Coroner’s officials have yet to release details about Ford’s wounds.
On Wednesday afternoon, friends and family gathered at the site where Ford had been shot in the Florence area of the city. Blue and white candles marked the location.
The graffiti-pocked neighborhood has one of the highest rates of violent crime in Los Angeles County, according to crime reports analyzed by The Times crime database.
A portrait emerged of Ford as a troubled young man who was well known in the neighborhood as struggling with mental health problems.
Los Angeles County court records show Ford had convictions for marijuana possession and illegally possessing a loaded firearm. His most recent conviction came in January, when he was put on 3 years summary probation for trespassing in Long Beach.
Ford’s parents, who said they were still seeking information about their eldest son’s death, described him as an active, social boy who dreamed of becoming a basketball star but suffered from mental illness. When he was 18, they said, he began to withdraw, becoming less social.
“He constantly kept moving around and would look at you like he didn’t trust you,” Ford’s father, Ezell Ford Sr., said.
The Los Angeles Times also reports that Ford was diagnosed with depression, his parents said, and later schizophrenia and bipolar disorder. As Ford got older, his father said, he began taking medication that made him less active.
“I was sad,” his father said. “Why was my son going through this?”
Most recently, Ford’s parents said they knew their son as a drifter. He’d go on long walks from his house, sometimes to his grandmother’s home in the West Adams area. Once, his parents said, he walked all the way to Long Beach for no apparent reason.

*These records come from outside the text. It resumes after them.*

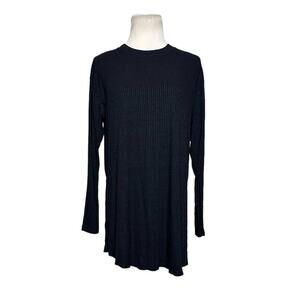 Asos black crew neck long sleeves side slits sweater size 4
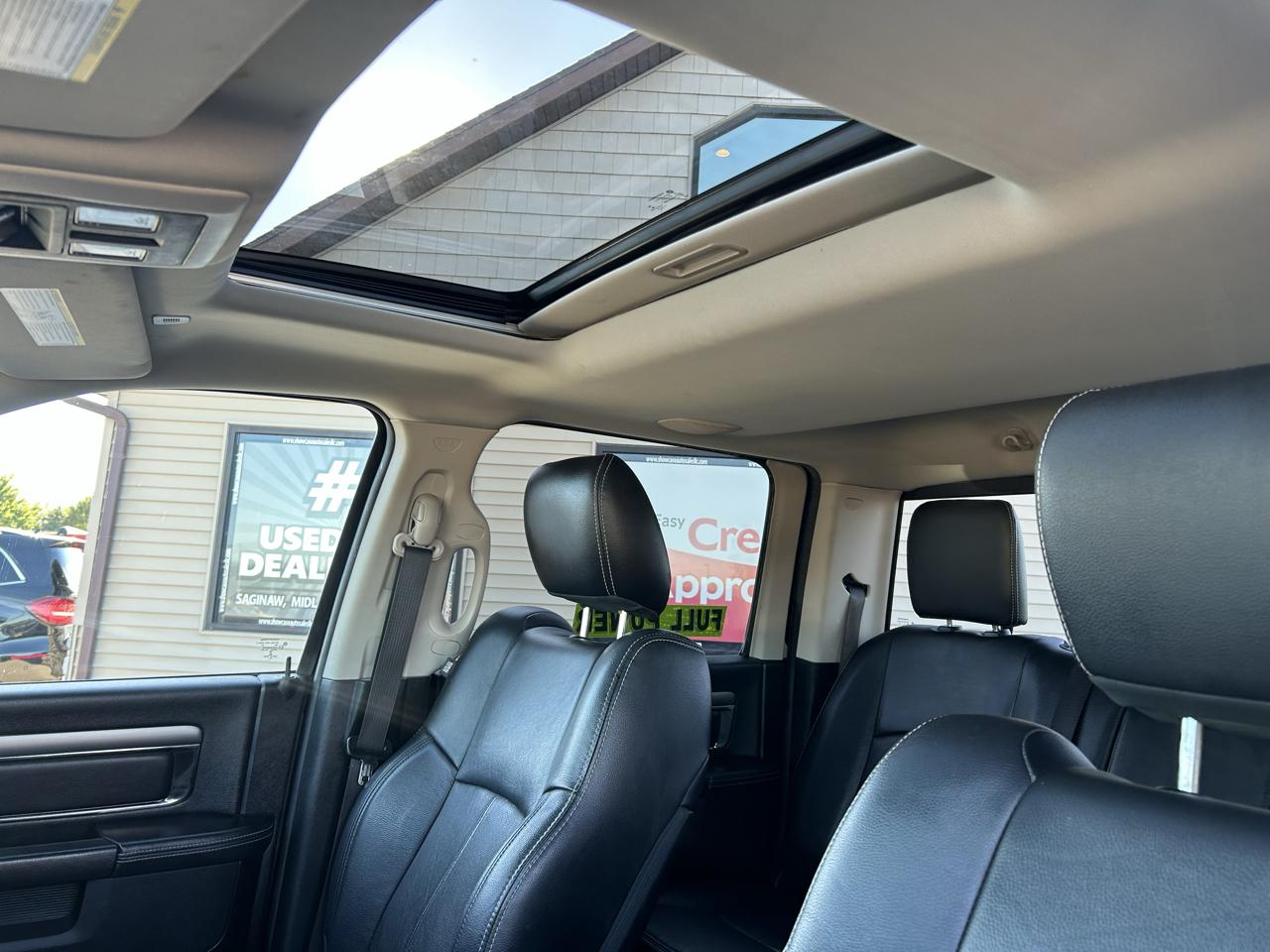 RAM 1500 Sport 4x4 Crew Cab 5'7" Box *Ltd Avail* 2018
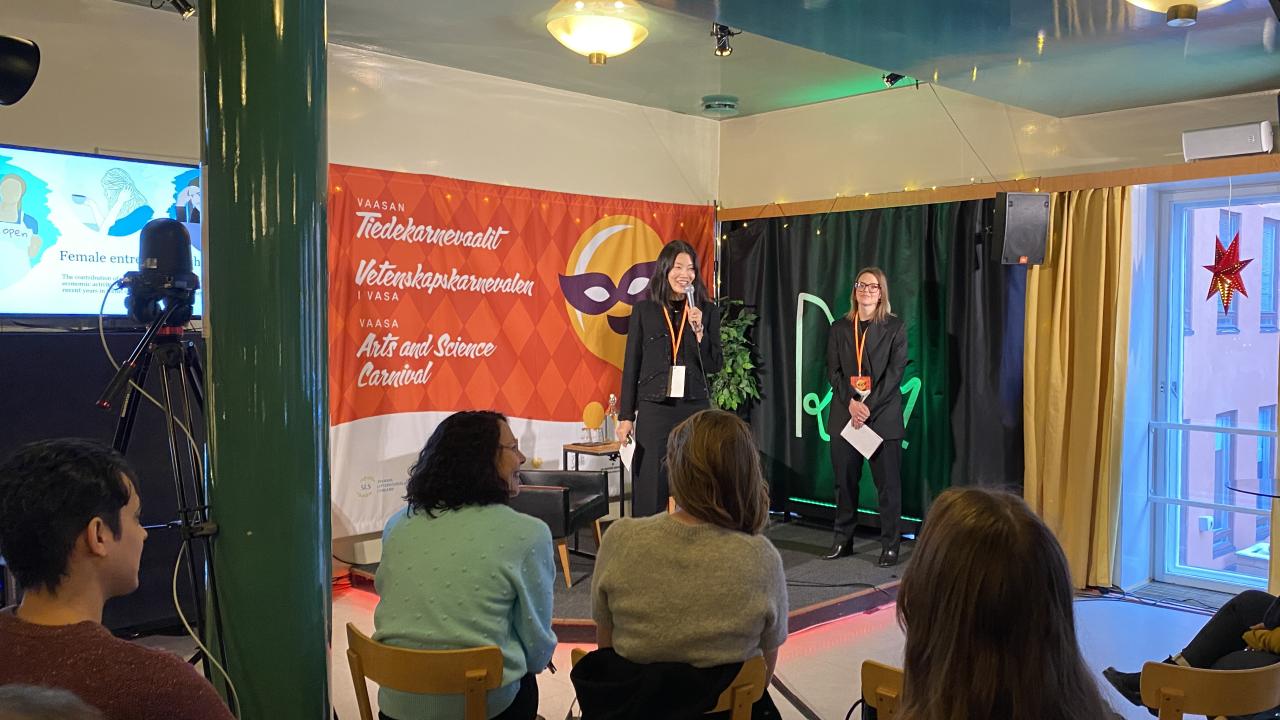 Man Yang och Eva-Lena Lundgren-Henriksson på Vetenskapskarnevalen 2023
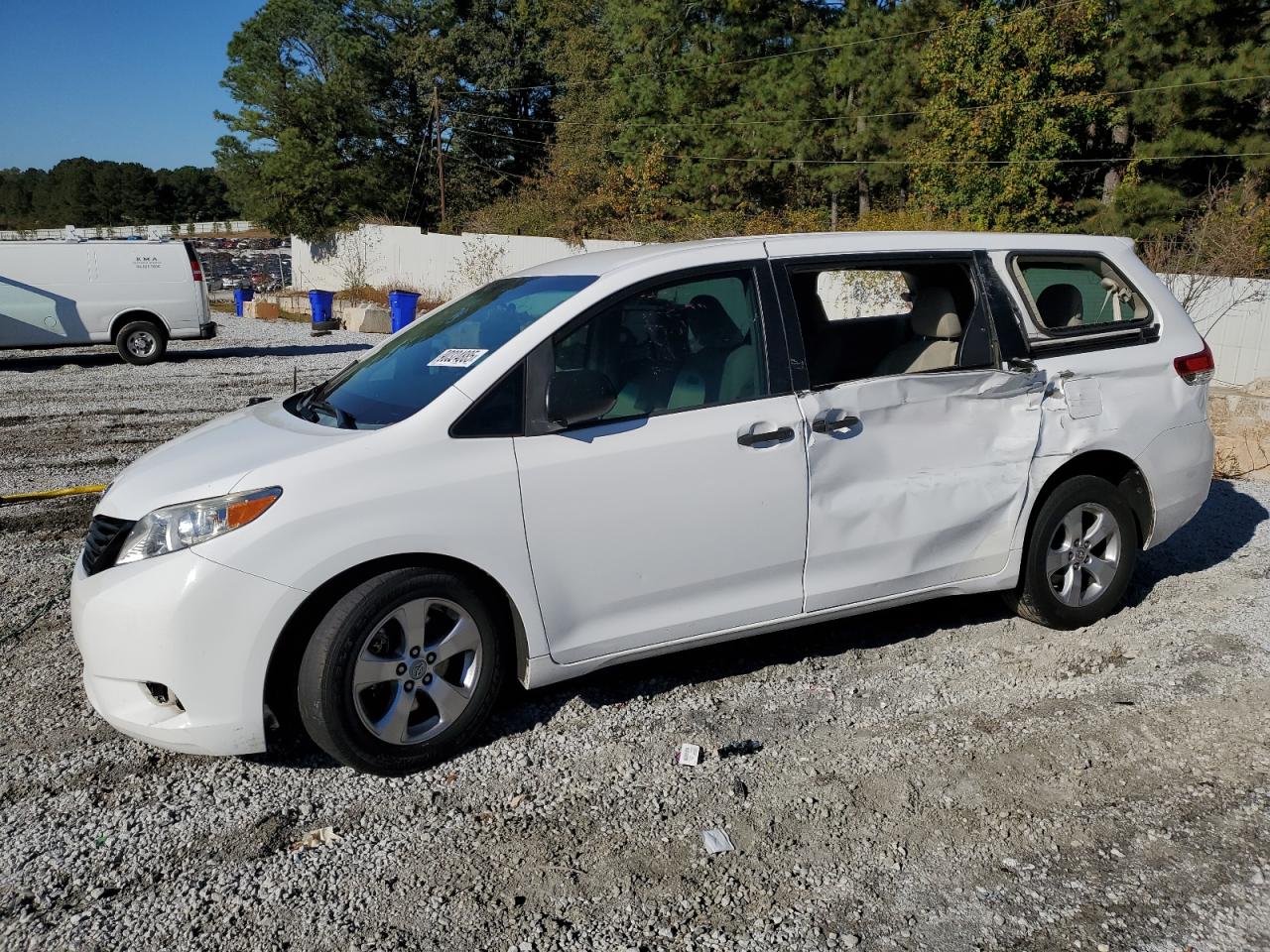 TOYOTA SIENNA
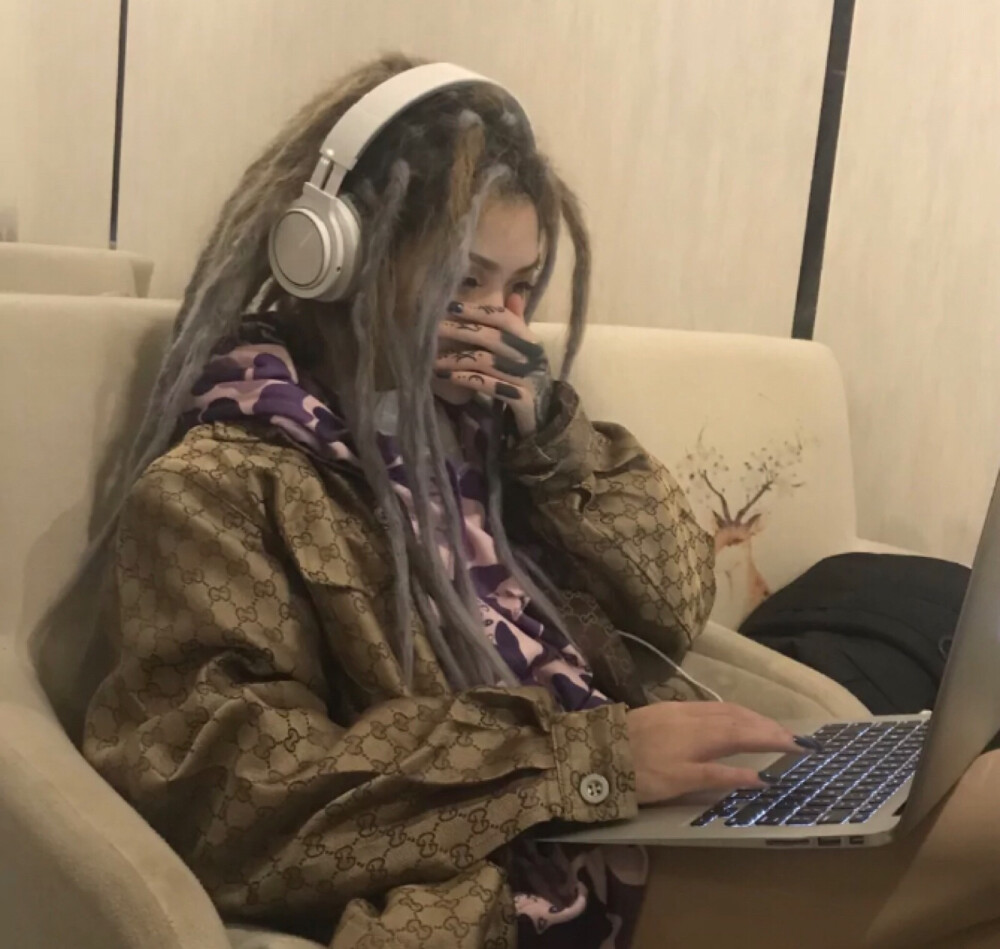 你我乘同船 寻欢或寻死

Residents in the area and police officers knew about Ford’s mental health, his parents said. “At the end of the day, he was a good kid,” his father said.
A woman who lived on the street where Ford was shot said he was a familiar face in the neighborhood, walking past her house daily to get cigarettes and meet friends. “I see him all the time, every day,” she said. “Kid simply walks and minds his own business.”
A worker at an Alcoholics Anonymous building at the corner of Broadway and 66th Street said Ford would stop in for coffee and often talked to himself. Identifying Ford from a photo of the fatally shot man, Oscar Hernandez said Ford sometimes locked himself in a bathroom in the building.
The fatal shooting is one of 16 LAPD officer-involved shootings this year, a department spokeswoman said. The agency had 30 such incidents during the same time period in 2013, she said.